Today in the House of Commons, at Prime Minister's Questions, I challenged David Cameron's opposition to allowing 16 and 17 year olds the right to vote in his proposed EU referendum. I also raised his promises on child care, and the idea of shared parental leave with grandparents.
Ms Harriet Harman (Camberwell and Peckham) (Lab): Last night, the House agreed that there should be an EU referendum, but it has to be done in the right way and it has to be fair. First, on the issue of who can vote, why will the Prime Minister not let 16 and 17-year-olds vote? This is about the future of our country. They did in the Scottish referendum. It is their future too.
The Prime Minister: First, may I thank the right hon. and learned Lady and all those Labour MPs who joined us in the Division Lobbies last night?

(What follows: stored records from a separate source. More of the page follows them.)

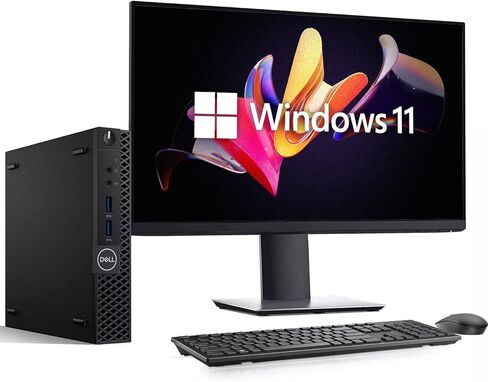 كمبيوتر مكتبي صغير طراز 3060 من Dell - الجيل الثامن من Intel Core i3-8100t - ذاكرة الوصول العشوائي DDR4 سعة 16 جيجابايت - محرك SSD سعة 256 جيجابايت - شاشة LED مقاس 24 بوصة - لوحة مفاتيح وماوس لاسلكيان - شبكة Wi-Fi مدمجة - كمبيوتر شخصي صغير للأعمال - Windo in Kuwait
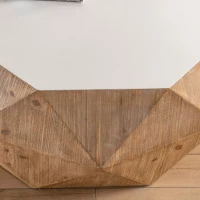 38.18" American Retro Style Coffee Table with Three-Dimensional Embossed Pattern, White Tabletop, No Assembly Required, 150 lb Load Capacity, White+Oak(m-7)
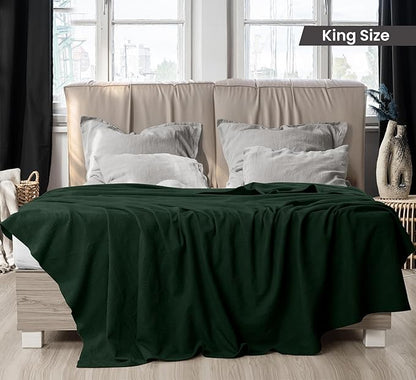 Utopia Bedding Forest Green 100% Cotton Blanket [King Size - 90x108 Inch] Lightweight, Soft and Breathable Thermal Blanket for All Seasons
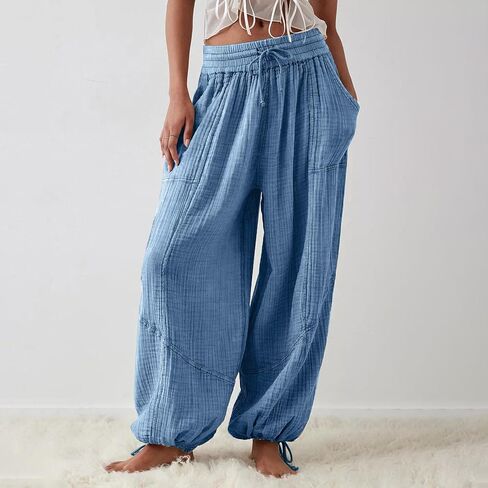 utcoco Womens Casual Loose Fit Wide Leg Cotton Pants Drawstring Stitching Baggy Pants Trousers with Pockets in Saudi Arabia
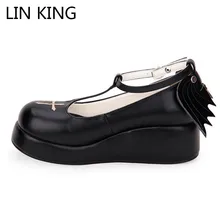 Buckle Straps T-strap Wedge Heels Pumps Women Spring Platform Cross Ankle Single Shoes Angle Wings Sweet Lolita Shoes Buckle Straps T-strap Wedge Heels Pumps Women Spring Platform Cross Ankle Single Shoes Angle Wings Sweet Lolita Shoes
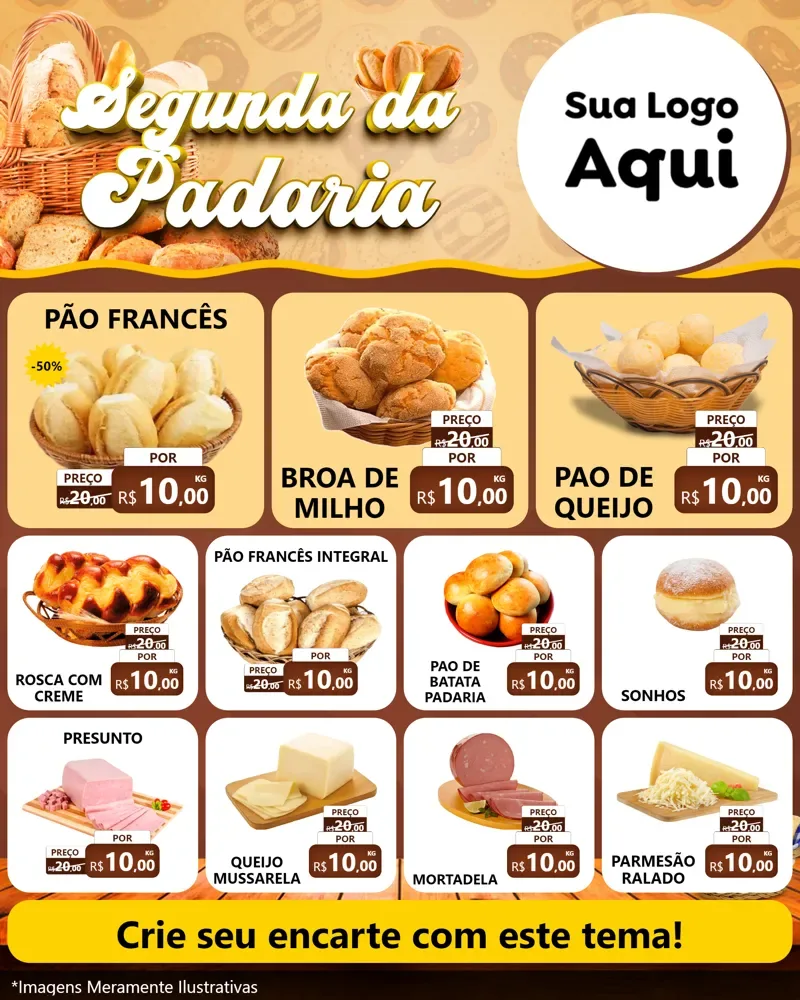 Modelo de Rede Social para Feed Instagram com o tema Segunda da Padaria para Padaria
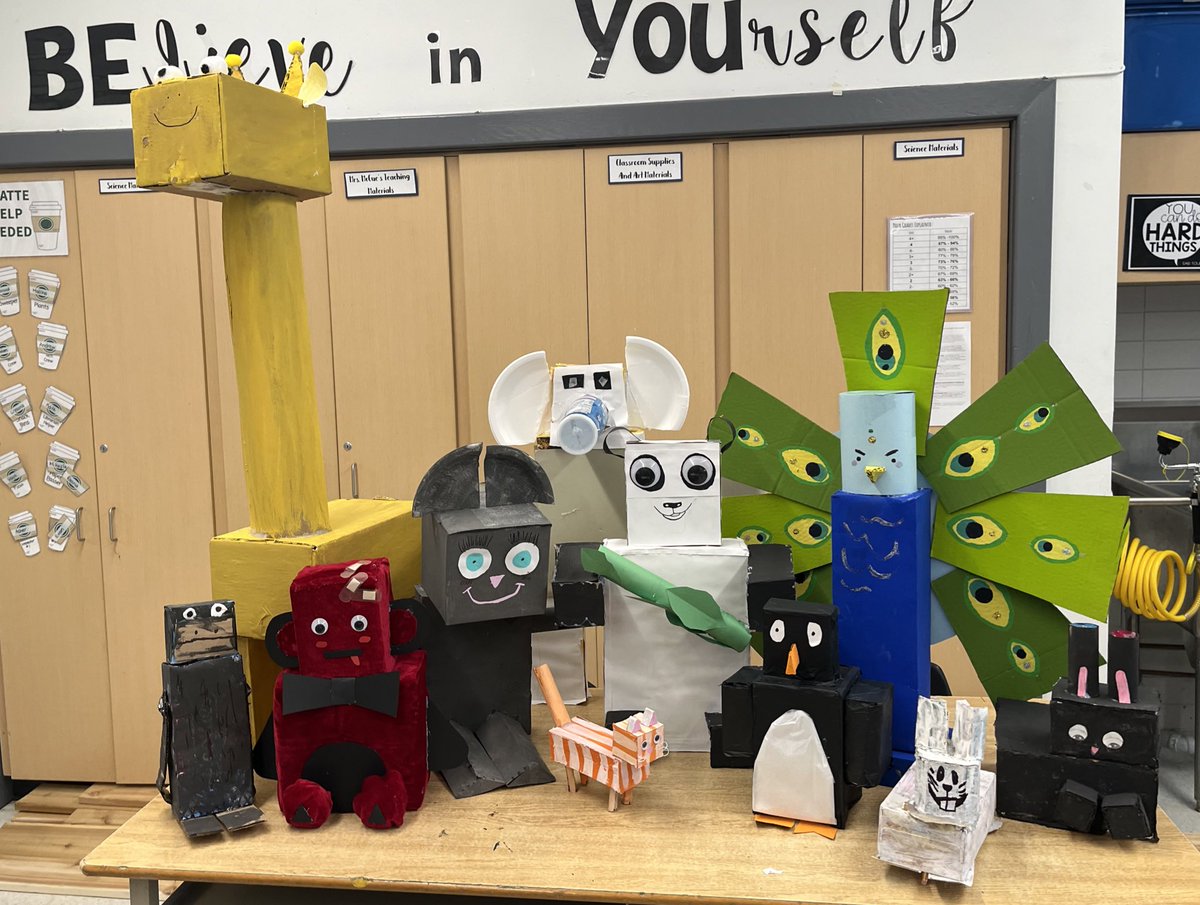 missrmccue's tweet photo. Some amazing 3D animal creations by 8A! Students reviewed volume and surface area of various 3D shapes @MtAlbion_HWDSB https://t.co/Vswh2BxJtr
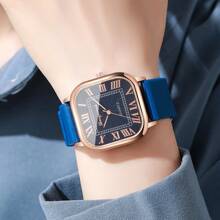 1pc Women's Casual Square Dial Roman Numeral Silicone Band Quartz Wristwatch, Fashionable Elegant Style (1pc/Set), Excluding Watch Box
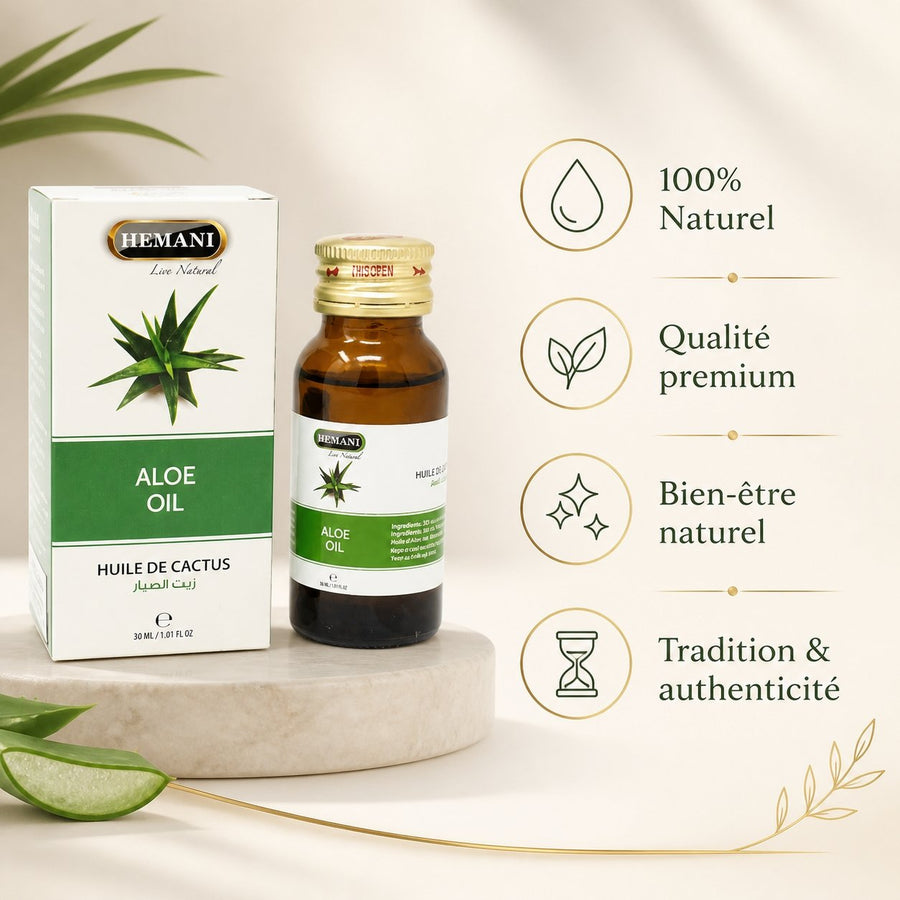 2 Huile de Cactus 30ml 100% Naturelle Hemani – infographie des bienfaits et des ingrédients clés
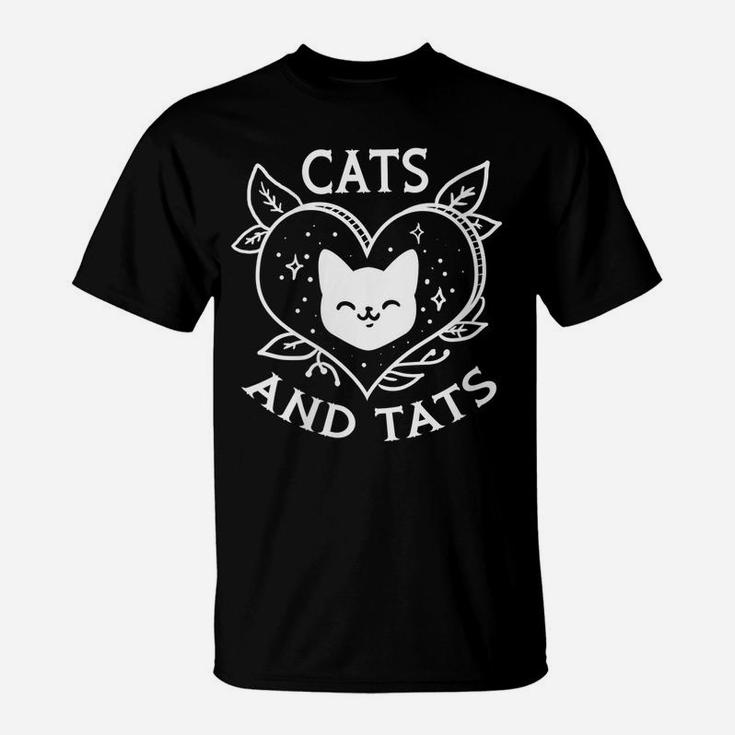 Womens Funny Cats And Tats Product - Tattoo Art Design T-Shirt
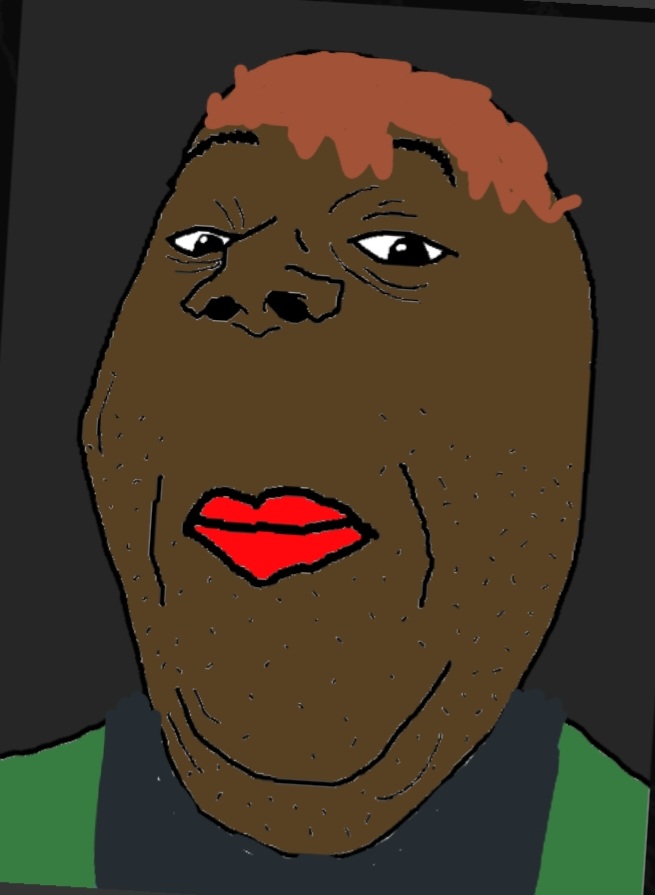 alicia, gapejak, gapelicia, 1soyjak, big red lips, black eyes, black skin, brown hair, closed mouth, gray background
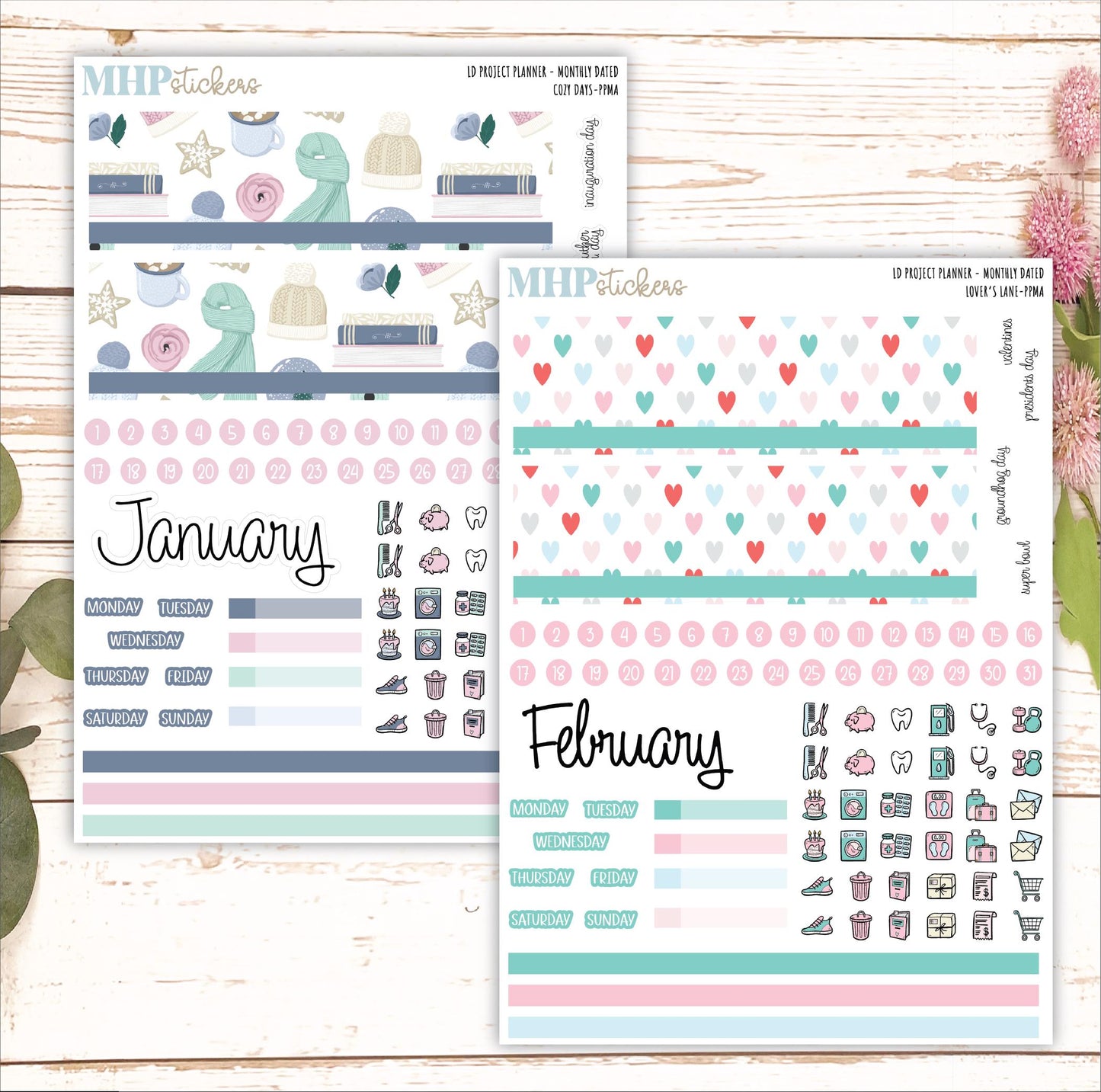 12 Monthly Sheet Set for Laurel Denise's Large Rose Planner (Formerly Project Planner). 2025 Designs || LD442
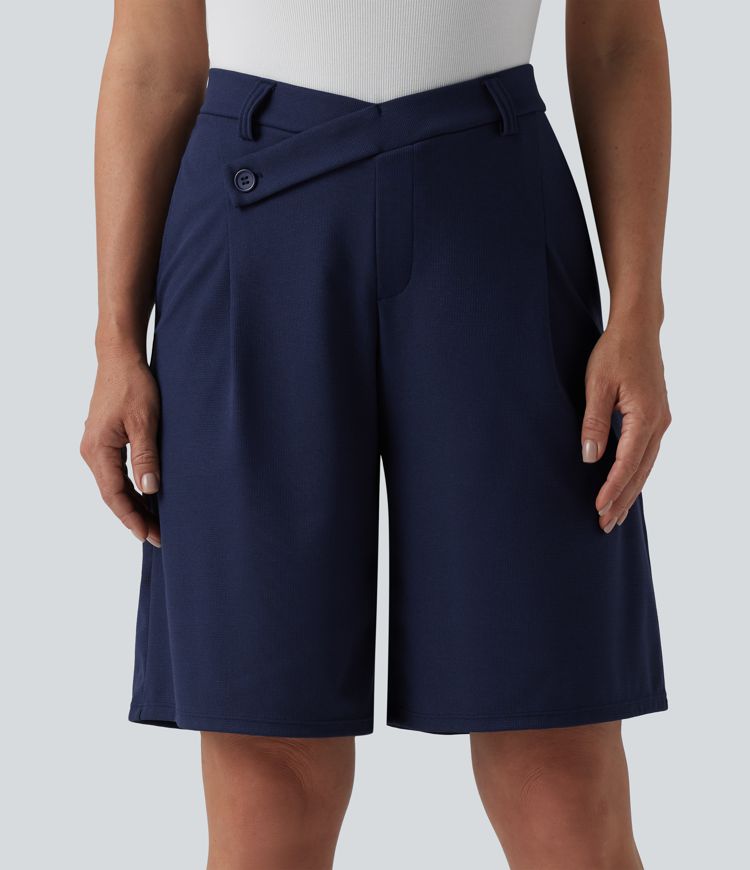 Bermudas de trabajo asimétricas de tiro medio en tejido waffle con bolsillos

After five years of opposing a referendum, to watch them all trooping through was like seeing the biggest mass conversion since that Chinese general baptised his troops with a hosepipe. It was very impressive.
On 16 and 17-year-olds, I believe this House should vote on that issue. The Conservative manifesto is clear and my position is clear: I think we should stick with the current franchise at 18, but the House of Commons can vote.
Ms Harman: On the right hon. Gentleman’s initial response to my question, may I just say that the right hon. Gentleman won the election and he is the Prime Minister, so he does not need to do ranting and sneering and gloating. He can just answer the question. Frankly, he should show a bit more class.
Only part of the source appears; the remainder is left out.